No cheeky chappie brandishing a whisk, no bosomy gastro-porn, no foodie-travelogues in foreign parts, no al fresco cooking sketches of dishes we are unlikely to try, no rants, no back-slapping, no slurping or faux bonhomie. Simon Hopkinson, aka The Good Cook on BBC 2, is the best thing to happen to TV cookery programmes since Delia Smith a generation ago.
The idea is simple. Put a great restaurant cook in his home kitchen and get him to show us how to make all the dishes we most enjoy eating. You know, dishes like steak and chips, coq au vin, salade Nicoise, sticky toffee pudding, rhubarb crumble… even the much abused Quiche Lorraine. No fancy production frills, just a careful, thoughtful demonstration of how to execute these recipes… to perfection!
I first met Simon in the early 1980s when he was cooking in a small South Kensington restaurant called Hilaire. It became my favourite London eaterie. Then, in 1987, he joined forces with Sir Terence Conran to open Bibendum in the old Michelin building a few hundred yards up the road.
For me, Simon Hopkinson was one of three seminal spirits of that era who shaped the future of modern British cooking. The other two were Alastair Little and Rowley Leigh. (You can read about them – and others – in my two volumes of Great British Chefs, published in 1989 and 1995. Find them on Amazon).
In The Good Cook, Simon turns his back on TV cookery as frothy light entertainment. What he gives his audience is the quiet, practical authority of a seasoned chef whose approach is based on the twin pillars of Elizabeth David and Jane Grigson.
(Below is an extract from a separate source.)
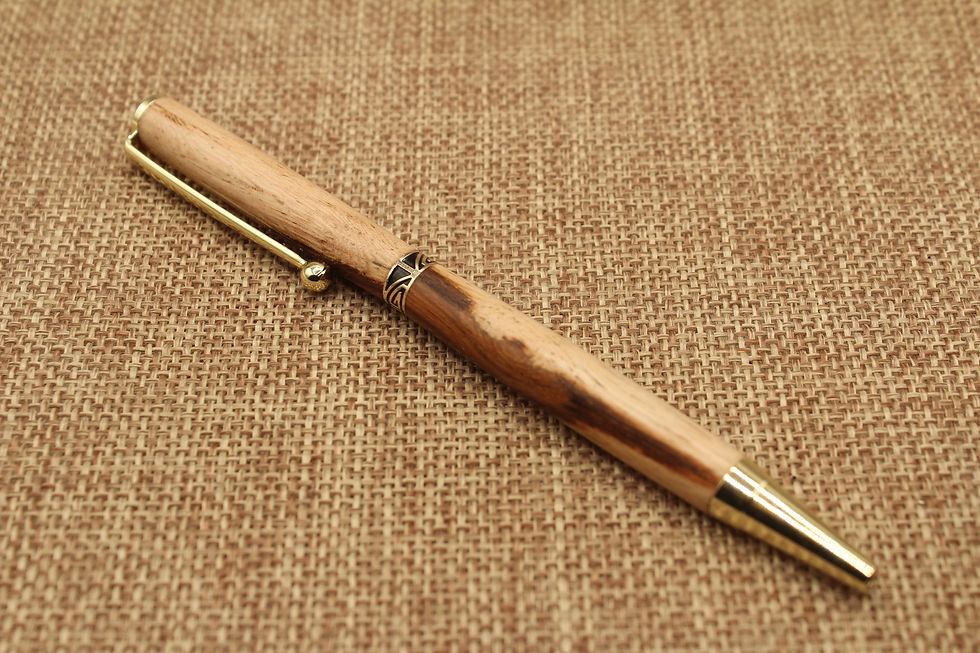 stylo bille en bois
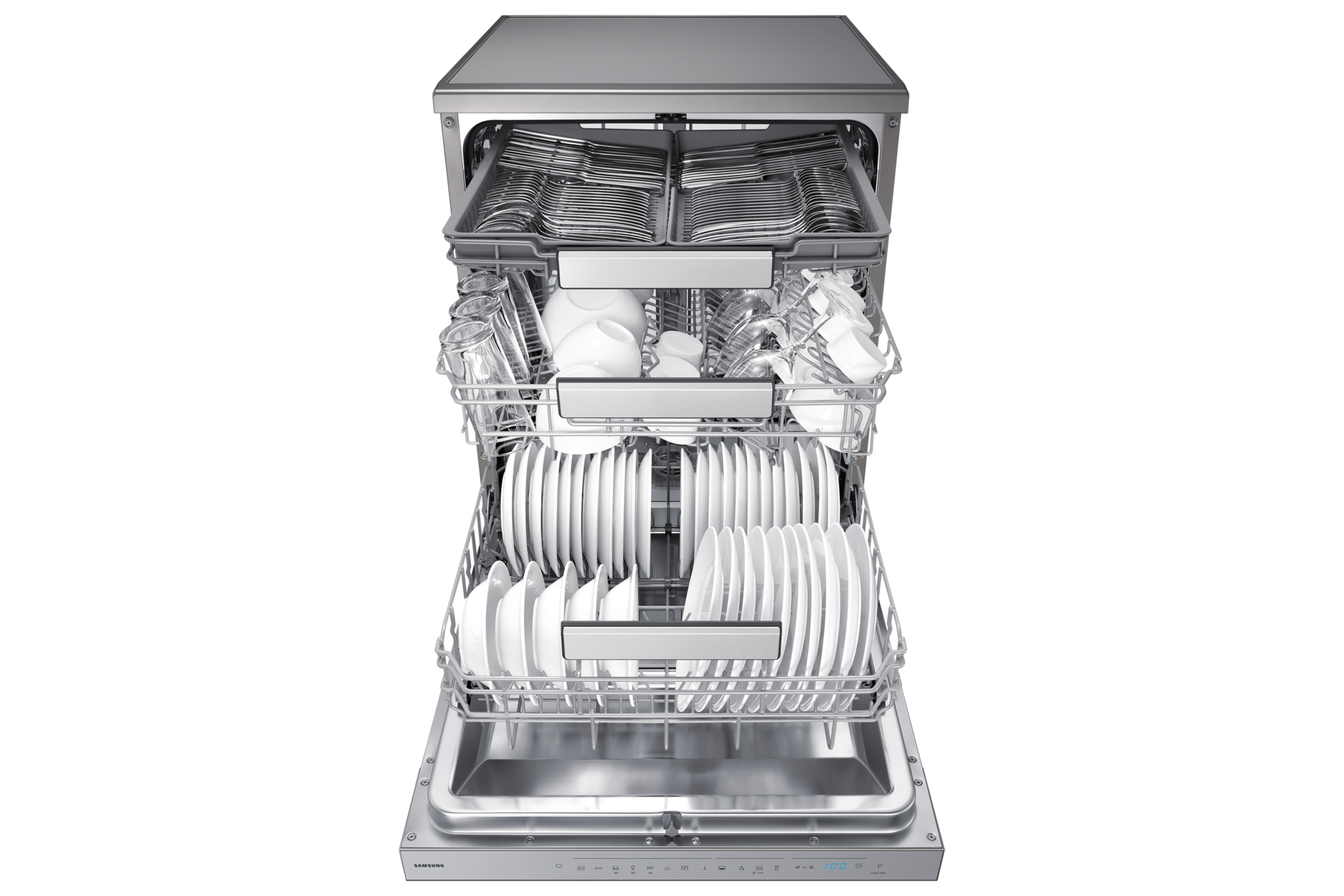 Freestanding Dishwasher Series 7 AutoRelease™ 14 Place Settings Front-Open3 Silver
Substance and comfort in a time of uncertainty. Forgotten values made familiar once again.
More please BBC 2!
Kit Chapman, proprietor of The Castle at Taunton and author of My Archipelago.
just watched this series with Simon Hopkinson – great food- great cooking ideas-beats Ms Lawson!
Many thanks, Sandra. I agree. KC
I agree with all of the above … but can someone (Simon himself?) pls tell me how to keep the famous crisp chicken skin crisp when you cover it with foil to keep it warm and rest whilst finishing off the lovely potatoes?
Also, why are “roast chicken, bread sauce, steak & chips” missing from The Good Cook book accompanying the great series?
Margaret A, Northumberland
Hello Margaret Atkinson!
Thank you for your comment. I suggest you approach Simon via his publisher to get the answers to your questions. Also, my guess is that the chicken and the steak recipes have been omitted from Simon’s new book because they have already appeared in previous books.
Happy cooking!
KC
Why, in the episode shown on Friday the 12th of August did Simon say that the fennel and Parmesan dish was suitable for vegetarians, it is my belief that Parmesan has animal rennet in it?
Many thanks
Louise Grove
Hello Mrs Grove!
Thank you for your comment. In my book, and by any definition of the word, Simon’s fennel with Parmesan is a vegetarian dish…. But, of course, it is not vegan.
I hope you have been enjoying the TV series. Now buy Simon’s book – one of the best cooking manuals I have seen in a long time!
KC
Whoppeee! We’ve got Simon on ABC TV now in the Land of Oz .Great programme,good presenter.We love his kitchen too!
Robert Dick
Hello Robert!
Glad you’re enjoying Simon’s cooking. Now look out for Nigel Slater which,I hope, will be coming your way in a few months time.